YOUR TASK
The reply is to be an exact repetition of the entries that follow, with each picture left out.

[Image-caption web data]
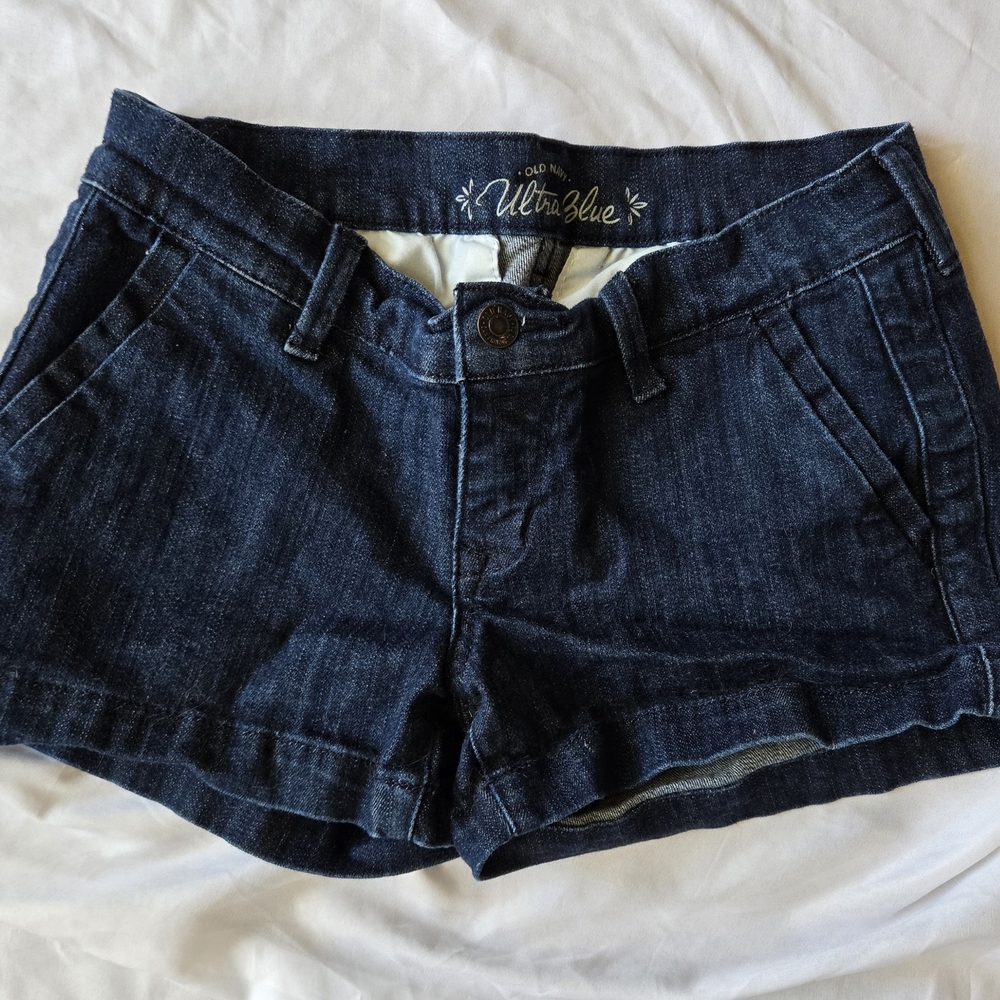 Old Navy Women's Ultra Blue Jean Short Stretch Shorts Size 2 NWOT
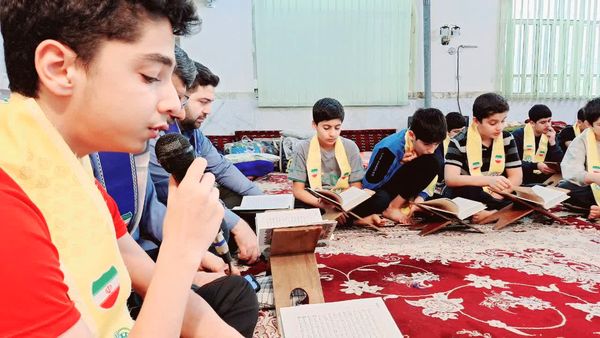 اعتکاف دانش‌آموزی در گرگان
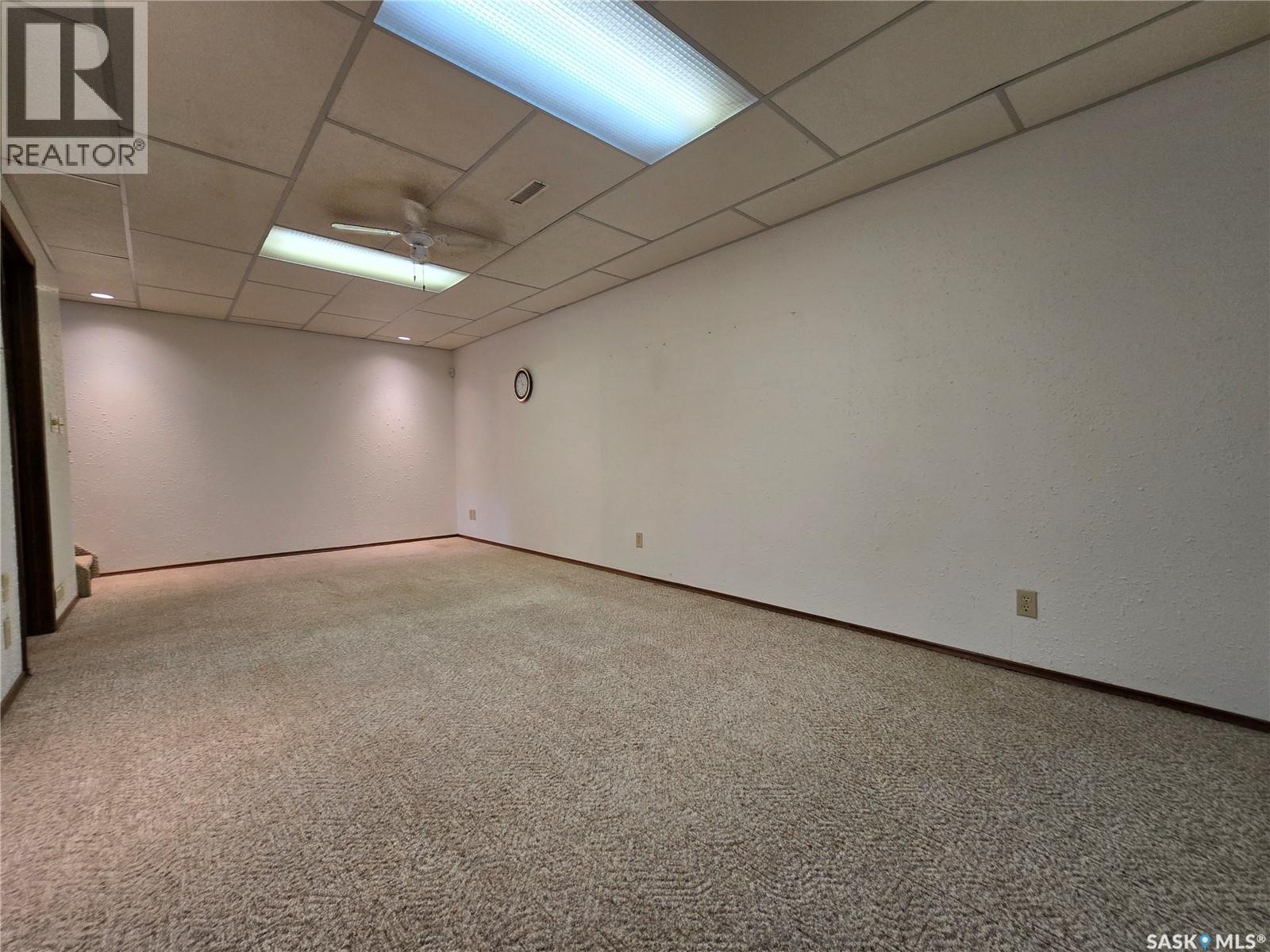 235 17th Street, Weyburn, Saskatchewan  S4H 2P1 - Photo 17 - SK018416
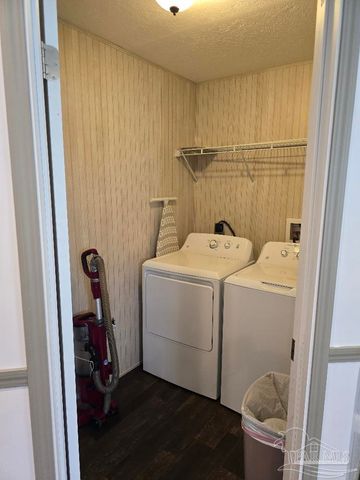 5305 Kee Memorial Dr, Pensacola, FL 32507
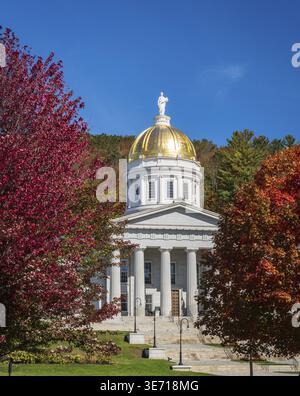 Cupola in foglia d'oro dell'edificio del campidoglio della Vermont state House a Montpelier, Vermont. I brillanti colori autunnali circondano l'edificio Foto Stock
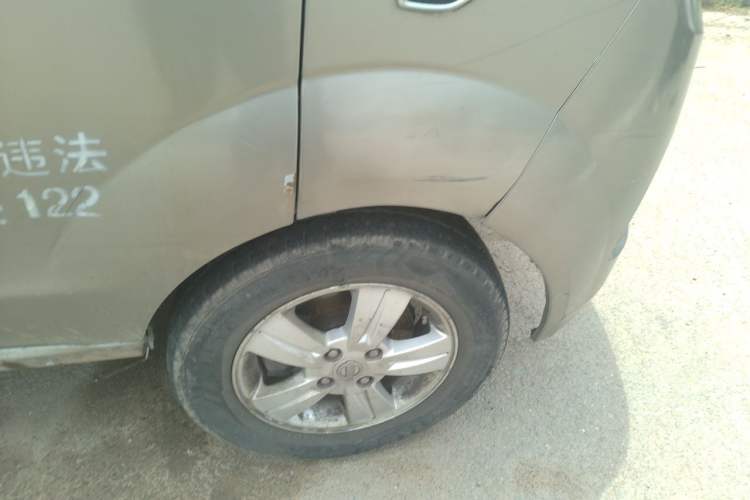 Used Jinbei New Hiace X30L 2016 1.3L Wealth Edition DLCG12 Right Front Wheel Hub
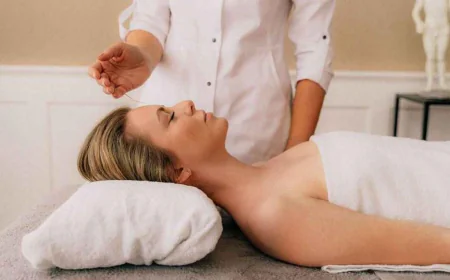Facial Acupuncture for Jawline & Neck Tightening | Oakland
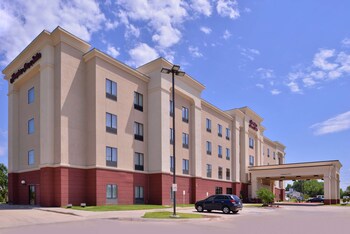hampton inn and suites woodward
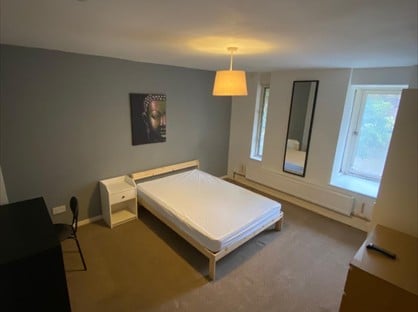 Room in a Shared House, North Twelfth Street, MK9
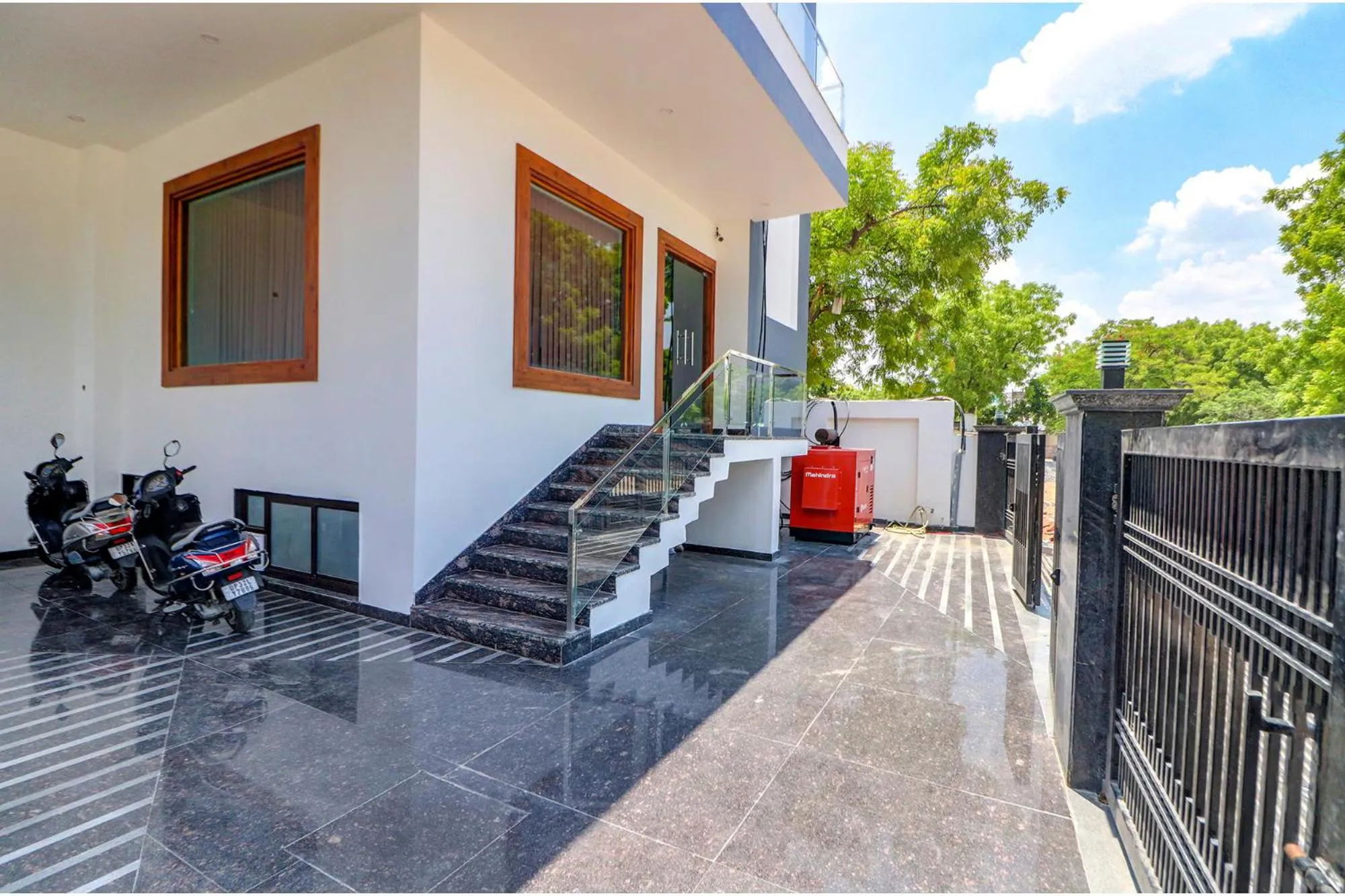 Facade/entrance in FabHotel AVS Grand and Banquets - 500m from Gomti Nagar railway station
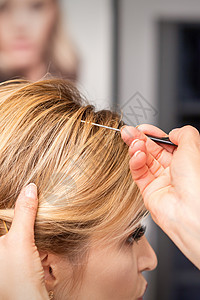 接受理发的妇女治疗魅力刷子卷曲沙龙工作客户顾客女士发型师图片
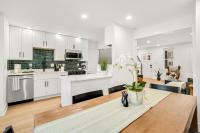 Inner Harbor Home w Private Parking Sleeps 8 - Bed and Breakfast Baltimore
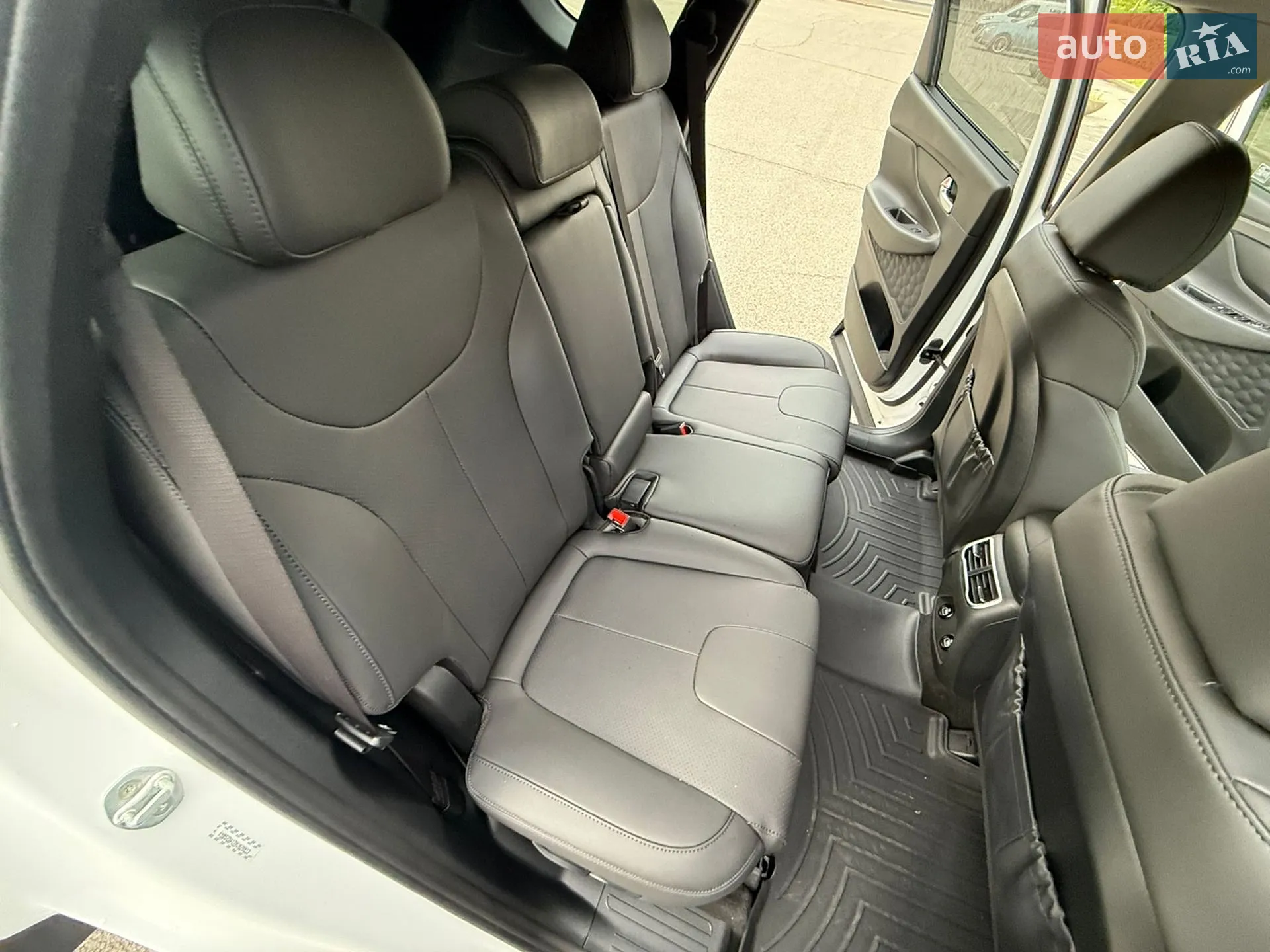 2021 Hyundai Santa Fe - мініатюра 57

TASK ANSWER
 Old Navy Women's Ultra Blue Jean Short Stretch Shorts Size 2 NWOT
 اعتکاف دانش‌آموزی در گرگان
 235 17th Street, Weyburn, Saskatchewan  S4H 2P1 - Photo 17 - SK018416
 5305 Kee Memorial Dr, Pensacola, FL 32507
 Cupola in foglia d'oro dell'edificio del campidoglio della Vermont state House a Montpelier, Vermont. I brillanti colori autunnali circondano l'edificio Foto Stock
 Used Jinbei New Hiace X30L 2016 1.3L Wealth Edition DLCG12 Right Front Wheel Hub
Facial Acupuncture for Jawline & Neck Tightening | Oakland
hampton inn and suites woodward
 Room in a Shared House, North Twelfth Street, MK9
 Facade/entrance in FabHotel AVS Grand and Banquets - 500m from Gomti Nagar railway station
 接受理发的妇女治疗魅力刷子卷曲沙龙工作客户顾客女士发型师图片
 Inner Harbor Home w Private Parking Sleeps 8 - Bed and Breakfast Baltimore
 2021 Hyundai Santa Fe - мініатюра 57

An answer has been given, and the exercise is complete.